MySQL Monster Query Issue
November 19, 2007 9:07 PM   Subscribe

MySQL monster query is timing out. Anything I can do about it? (Long question, possible a cure for insomnia.)

I set up (using my usual mediocre coding skills) a small PHP app which allows form creation, saves the results, and outputs the results into a tab-delimited file. First two parts seem to work fine. Having some trouble with the last bit.

The form information is saved into two tables: "form" which saves the name, etc., of each individual form, and "field" which saves the fields, using the 'form' row id to keep track of where they belong. A simple form might be saved as

form -> form_id=1, form_name='Test', etc.
field -> field_id=1; field_form=1; field_label='First Name', etc.
field -> field_id=2; field_form=1; field_label='Last Name', etc.

Pretty basic stuff. Likewise, when the form is filled out, the data goes into two tables, "form_save", and "field_save" which mimics the structure above.
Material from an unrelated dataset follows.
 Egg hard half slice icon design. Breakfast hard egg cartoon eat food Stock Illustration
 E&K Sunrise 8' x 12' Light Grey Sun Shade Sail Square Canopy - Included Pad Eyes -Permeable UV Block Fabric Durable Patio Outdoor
The 'field_save' row has a column pointing to both the id of the 'form_save' row and 'field' row it is associated with. In essence, for every form in the database, there is one row in 'form' and however many rows in 'field'. For every form someone fills out, there is one row in 'form_save' and however many rows in 'field_save'.

This all works fine on modest forms filled out in reasonable numbers, which is mostly what my clients have. However, a client created a monster 100 question form and has had a large number of people filling it out. It can be edited on the back-end and saved on the front-end just fine, but I cannot get it to spit out a tab-delimited report because the way I'm approaching it in PHP either requires a cajillion queries or a cajillion if/then reiterations to process. This times out on the server, which has time limits on queries.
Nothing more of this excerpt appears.